§ **YOUR GOAL**
Retype all of the listing exactly, passing over any picture you find.

§ **DATA TO USE**
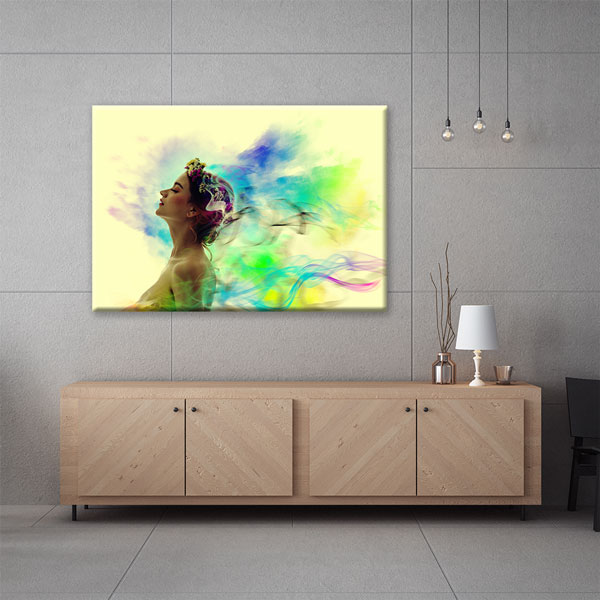 Renkli Kadın Portresi Kuaför Kanvas Tablo – 5642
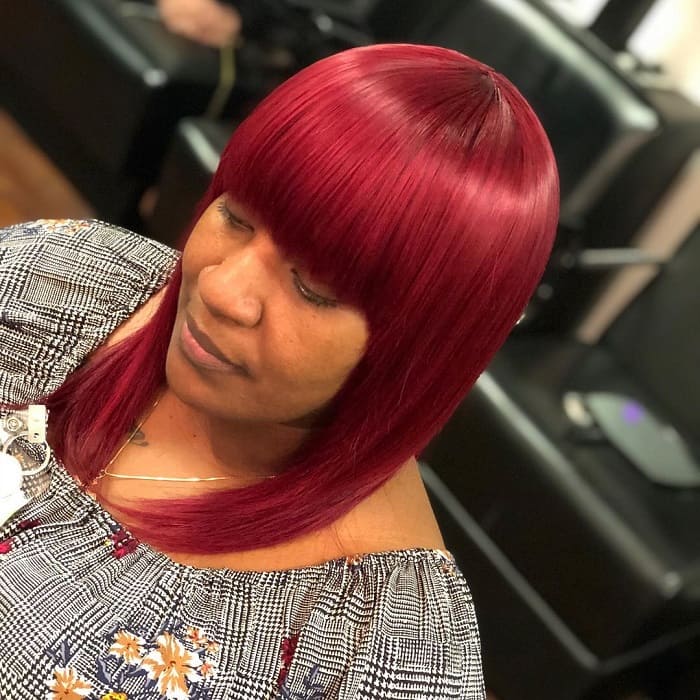 Sew In Hair with Bangs for Black Woman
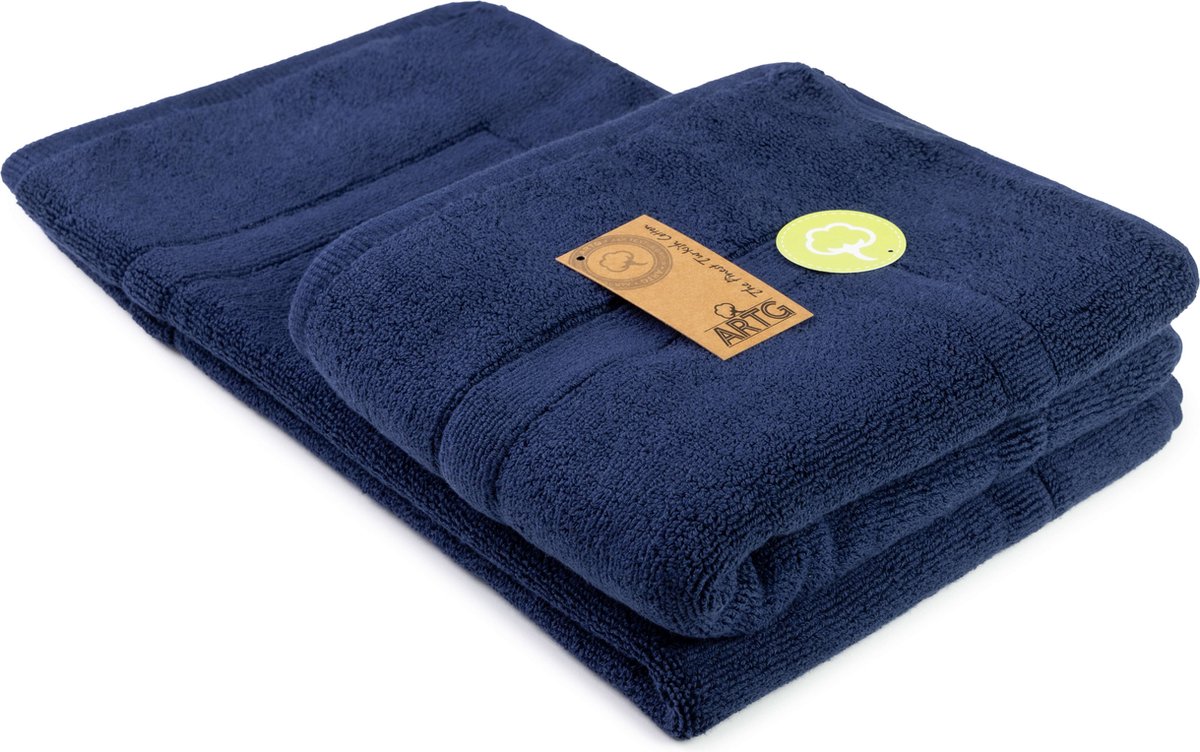 ARTG® Towelzz - Badmat - 100% Katoen - Zware kwaliteit - 50 x 80 cm - Donkerblauw - French Navy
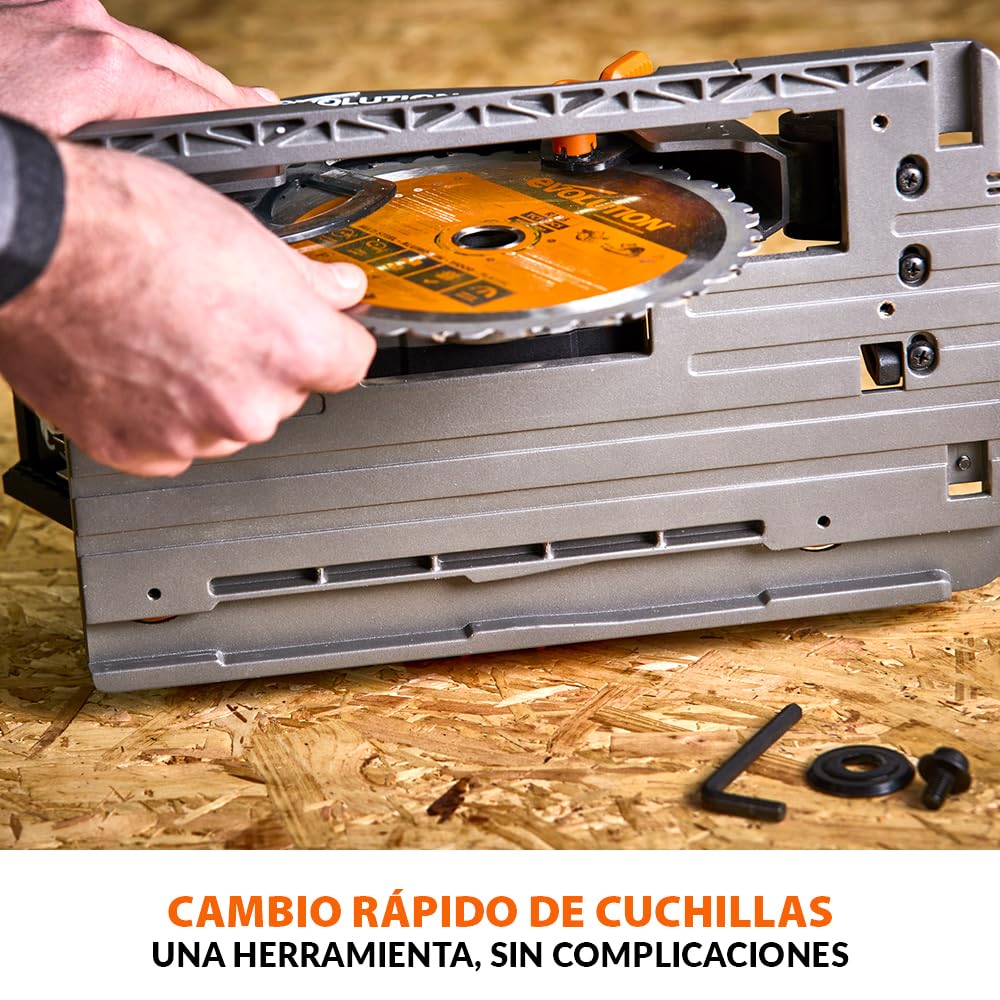 Evolution Power Tools R185CCSX-Li Sierra circular sin cable compatible con carril 18v Li-Ion EXT Incluye hoja multi-material TCT, corta madera, metal, plástico, batería y cargador incluidos, 185mm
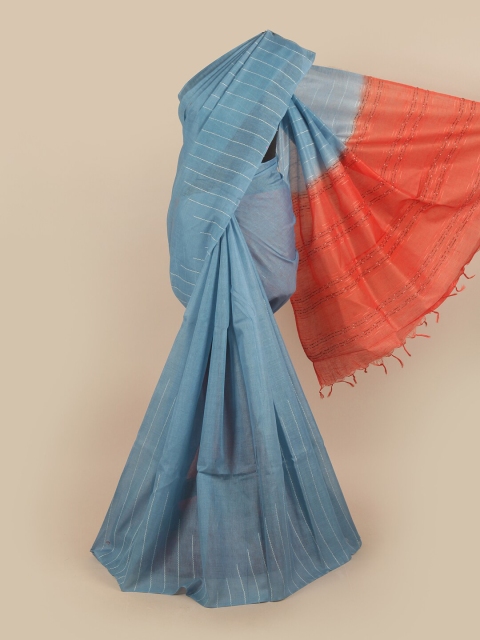 

Pothys Blue & Orange Striped Jute Silk Saree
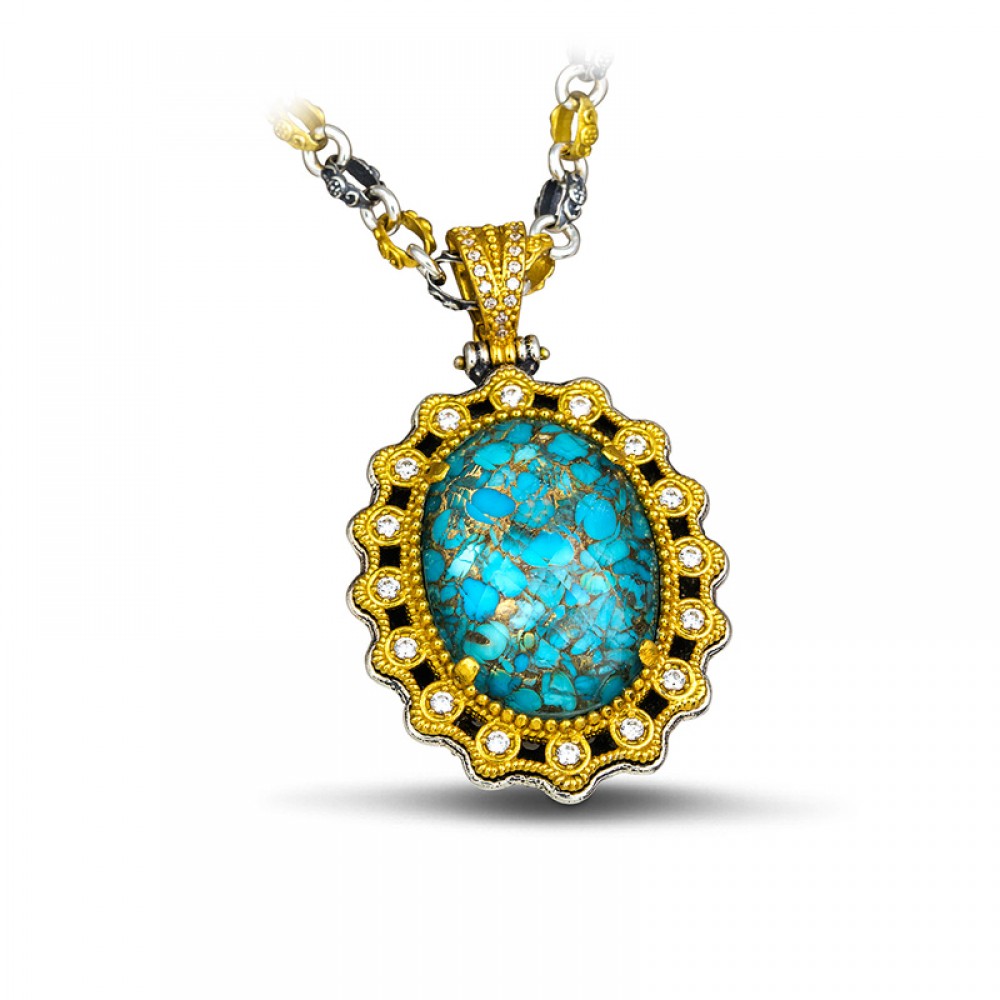 Sterling Silver Pendant with Semiprecious Stone M115 Without Chain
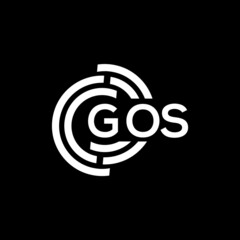 GOS letter logo design on black background. GOS creative initials letter logo concept. GOS letter design.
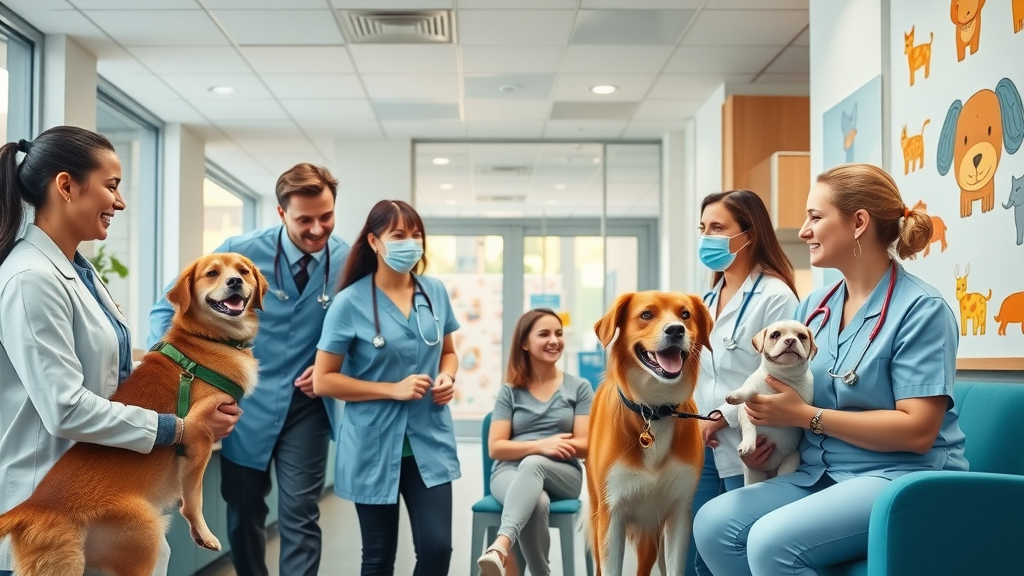 modern veterinary clinic interior with professional staff and happy pet owners, demonstrating trust and positive online reviews in a veterinary clinic setting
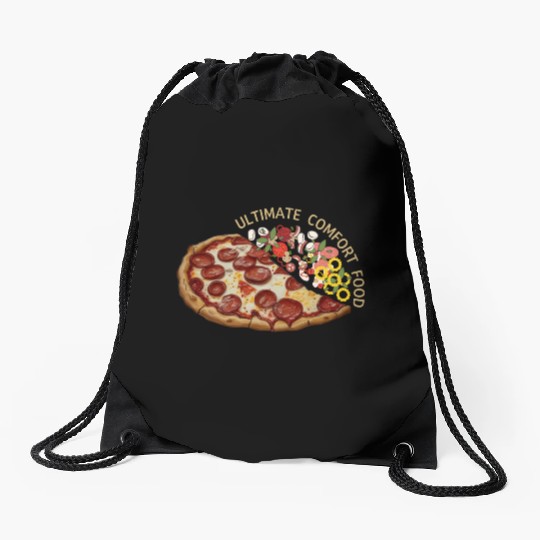 Ultimate Comfort Food Pizza Drawstring Bags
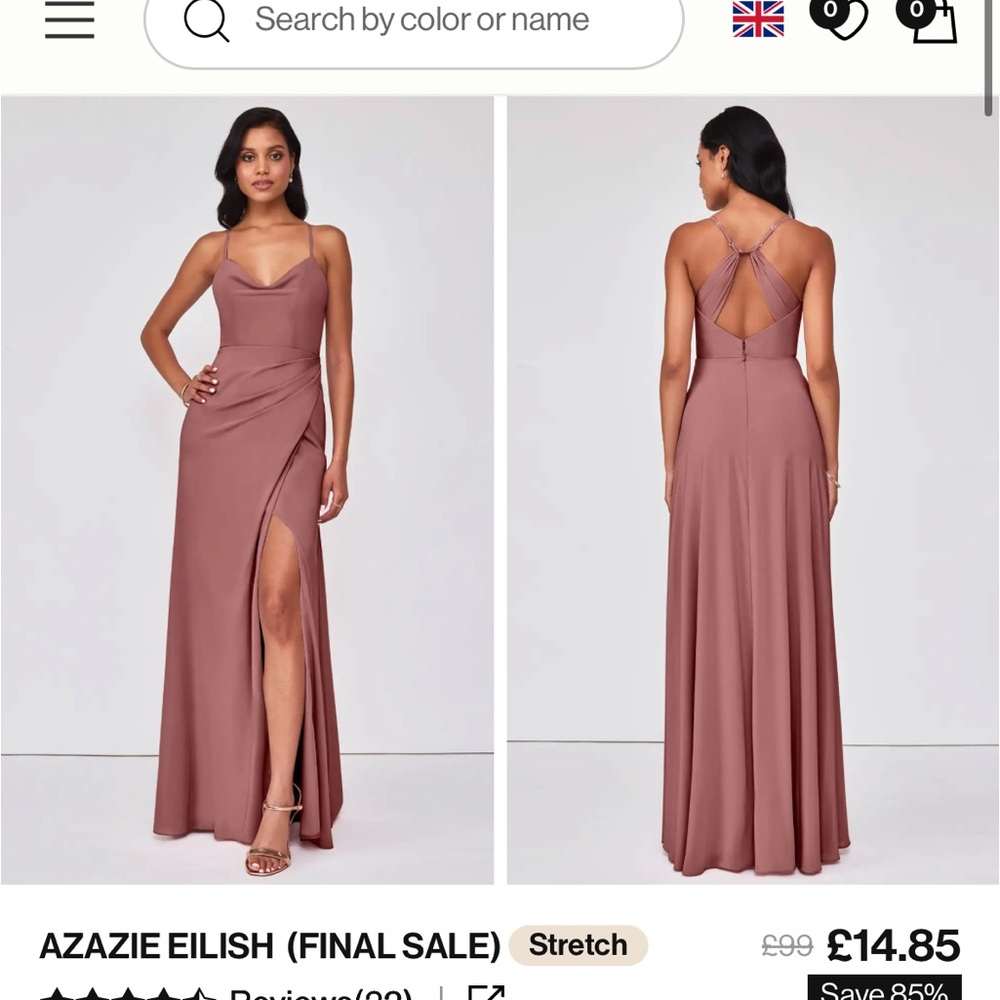 Azazie Dress Dusty Rose Size A0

§ **EXERCISE RESULT**
 Renkli Kadın Portresi Kuaför Kanvas Tablo – 5642
 Sew In Hair with Bangs for Black Woman
 ARTG® Towelzz - Badmat - 100% Katoen - Zware kwaliteit - 50 x 80 cm - Donkerblauw - French Navy
 Evolution Power Tools R185CCSX-Li Sierra circular sin cable compatible con carril 18v Li-Ion EXT Incluye hoja multi-material TCT, corta madera, metal, plástico, batería y cargador incluidos, 185mm

Pothys Blue & Orange Striped Jute Silk Saree
 Sterling Silver Pendant with Semiprecious Stone M115 Without Chain
 GOS letter logo design on black background. GOS creative initials letter logo concept. GOS letter design.
 modern veterinary clinic interior with professional staff and happy pet owners, demonstrating trust and positive online reviews in a veterinary clinic setting
 Ultimate Comfort Food Pizza Drawstring Bags
 Azazie Dress Dusty Rose Size A0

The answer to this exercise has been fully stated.